I moved into a flat 6 months ago. There were numerous problems to deal with initially, mostly the fault of the Estate Agent. They included, but are not limited to, not having hot water for six weeks, not being given the correct keys and furniture that had been present when we signed-up for the flat not being present.

As a result we did not raise the issue of the threadbare and stained bedroom carpets until recently, although we did comment on their state on the inventory, which the landlady doesn’t seem to have seen. The rest of the two bed, 7 year old flat is of a high standard but for £1325 per month, I don’t think we should have to suffer threadbare carpets.

To replace the carpets would cost about £500 for two small rooms. The inventory described the carpets as worn and stained. The landlady did not look at them between the previous tenants and us but we know that the previous tenants had them cleaned but they said that this made no impact on their condition. The landlady is refusing to come and look at the carpets and is saying she cannot afford to replace them. I have sent photos illustrating the state of them but she will not admit that they are not of the same standard as the rest of the flat.

Do we have any right to insist that she replace them or that she come round?

I am afraid not.  When you sign up for a property you have to take it as it is.  There are certain repairing obligations landlords have, for example regarding the  structure and exterior of the property,  electrical wiring, gas appliances and the like, but this does not include the condition of the carpets.

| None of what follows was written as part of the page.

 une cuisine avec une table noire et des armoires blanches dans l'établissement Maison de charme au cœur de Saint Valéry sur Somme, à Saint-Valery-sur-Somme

The condition of the carpets may be unsatisfactory but unless they are actually dangerous (e.g. if they are torn and likely to cause an accident) there is not much you can do about it.  It is very important that all these things are raised before you sign the tenancy agreement.  Afterwards is too late.


If YOU have a problem, why not put it to the blog clinic?  However there are a lot of questions submitted, so if you need an answer quickly remember that members of my Landlord Law service can ask me questions in the members forum area, and will normally get an answer with 24 hours.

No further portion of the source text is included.